Mick Mulvaney, as Acting White House Chief of Staff
Mick Mulvaney, as Acting White House Chief of Staff

But Democrats, particularly presidential candidates, were having none of it.

Speaking on Meet the Press on Sunday morning, New Jersey Sen. Corey Booker described Trump as “particularly responsible" for the uptick in violence by white supremacists. “In my faith, you have this idea that you reap what you sow, and he is sowing seeds of hatred in this country, this harvest of hate violence that we are seeing right now lies at his feet,” Booker said.

“There is a complicity in the president's hatred that undermines the goodness and decency of Americans,” Booker added.

Julián Castro, the former mayor of San Antonio and the Secretary of Housing and Urban Development in the Obama administration, said on Sunday that Trump was not directly responsible for the shooting in El Paso. However, he said that the president’s rhetoric toward immigrants had contributed to a surge in white nationalism in the U.S.

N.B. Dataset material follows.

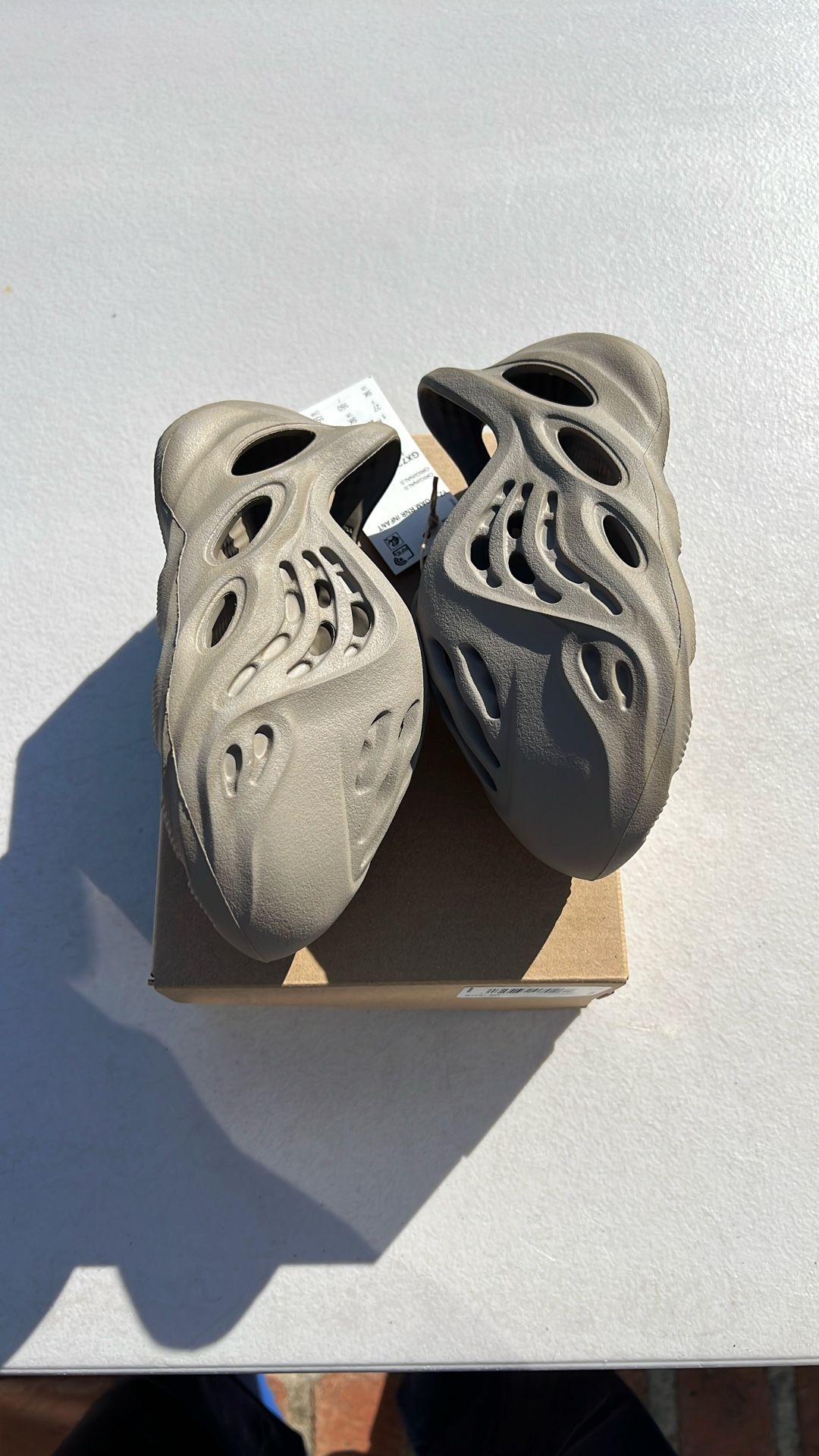 Adidas Yeezy Foam RNR Stone Sage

Beto O’Rourke, the former Texas congressman who calls El Paso home, may have been the most forceful in tying Trump to the killings there. Appearing on CNN, he responded in the affirmative when asked if he believes the president is a white supremacist. “The things that he has said both as a candidate and then as the president of the United States? This cannot be open for debate,” he said.

“We have a problem with white nationalist terrorism in the United States of America today," O'Rourke added. “These are white men motivated by the kind of fear that this president traffics in.”

"Hate has no place in this country"

For his part, Trump himself made little in the way of public statements Sunday. Returning to the White House from one of his golf resorts in the afternoon, the president made brief comments to the media. “Hate has no place in our country and we’re going to take care of it,” he said.

As the day went on, and more information came to light about the killings in Dayton, Democrats – already calling for Republicans to relent on passage of gun control measures in Congress -- only got louder in their calls for limiting access to firearms.

Their complaints were directed, sometimes explicitly and sometimes indirectly, at Republican lawmakers who have actively resisted efforts to tighten access to firearms. Most recently, Senate Majority Leader Mitch McConnell has blocked votes on a popular bill to expand mandatory background checks on people looking to purchase firearms and a more controversial proposal that would ban the sorts of weapons used in the El Paso and Dayton attacks.

On Twitter, Massachusetts Sen. Elizabeth Warren urged Senate Majority Leader Mitch McConnell to "bring the Senate back from recess to vote on legislation to address the gun violence epidemic.”

South Bend, Indiana Mayor Pete Buttigieg tied the two events together, saying, “America is under attack from homegrown white nationalist terrorism...And we have to talk and act about two things in this country. First of all, we are the only country in the world with more guns than we have people. We can respect the Second Amendment and not allow it to be a death sentence for thousands of Americans, and two, white nationalism is evil."